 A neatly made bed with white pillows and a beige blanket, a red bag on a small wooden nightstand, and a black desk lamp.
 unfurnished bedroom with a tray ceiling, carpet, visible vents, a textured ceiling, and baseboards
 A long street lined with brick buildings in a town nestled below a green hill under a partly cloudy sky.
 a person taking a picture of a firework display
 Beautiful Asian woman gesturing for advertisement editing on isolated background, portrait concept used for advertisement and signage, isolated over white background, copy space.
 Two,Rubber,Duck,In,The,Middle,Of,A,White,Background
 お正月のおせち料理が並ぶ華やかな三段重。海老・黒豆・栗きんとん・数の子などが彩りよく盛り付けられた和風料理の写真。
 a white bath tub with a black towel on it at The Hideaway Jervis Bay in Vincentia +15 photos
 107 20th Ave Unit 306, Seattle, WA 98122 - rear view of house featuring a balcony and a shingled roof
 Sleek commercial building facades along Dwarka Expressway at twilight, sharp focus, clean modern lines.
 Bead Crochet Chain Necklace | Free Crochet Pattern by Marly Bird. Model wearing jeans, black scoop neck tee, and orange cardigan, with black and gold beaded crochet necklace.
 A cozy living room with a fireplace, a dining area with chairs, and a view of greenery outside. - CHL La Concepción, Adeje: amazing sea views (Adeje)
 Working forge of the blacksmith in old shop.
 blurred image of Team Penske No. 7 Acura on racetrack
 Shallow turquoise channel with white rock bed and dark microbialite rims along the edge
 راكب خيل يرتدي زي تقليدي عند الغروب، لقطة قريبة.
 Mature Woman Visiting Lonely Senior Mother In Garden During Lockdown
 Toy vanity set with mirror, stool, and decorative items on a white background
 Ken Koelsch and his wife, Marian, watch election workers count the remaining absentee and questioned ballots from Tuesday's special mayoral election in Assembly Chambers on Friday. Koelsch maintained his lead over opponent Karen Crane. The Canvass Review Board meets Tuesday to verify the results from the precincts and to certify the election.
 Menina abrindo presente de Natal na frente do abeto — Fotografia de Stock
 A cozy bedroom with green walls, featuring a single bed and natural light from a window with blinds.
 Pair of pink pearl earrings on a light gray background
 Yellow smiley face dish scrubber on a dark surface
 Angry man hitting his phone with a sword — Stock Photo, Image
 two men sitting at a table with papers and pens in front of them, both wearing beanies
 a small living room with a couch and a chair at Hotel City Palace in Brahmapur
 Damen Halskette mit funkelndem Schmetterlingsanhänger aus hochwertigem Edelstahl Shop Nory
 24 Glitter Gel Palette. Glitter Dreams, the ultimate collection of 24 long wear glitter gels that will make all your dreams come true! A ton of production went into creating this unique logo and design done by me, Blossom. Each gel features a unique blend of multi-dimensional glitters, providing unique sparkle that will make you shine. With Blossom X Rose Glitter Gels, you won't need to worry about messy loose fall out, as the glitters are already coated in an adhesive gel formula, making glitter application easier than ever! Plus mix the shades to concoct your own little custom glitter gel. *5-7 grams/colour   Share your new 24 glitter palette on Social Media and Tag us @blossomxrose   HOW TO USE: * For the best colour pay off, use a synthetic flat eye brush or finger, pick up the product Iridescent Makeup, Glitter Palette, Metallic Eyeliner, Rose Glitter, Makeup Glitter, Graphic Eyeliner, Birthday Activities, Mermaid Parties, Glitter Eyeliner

Exercise aim
Where a line of the records above holds the word "wearing", copy that line.

Result below
 Bead Crochet Chain Necklace | Free Crochet Pattern by Marly Bird. Model wearing jeans, black scoop neck tee, and orange cardigan, with black and gold beaded crochet necklace.
 two men sitting at a table with papers and pens in front of them, both wearing beanies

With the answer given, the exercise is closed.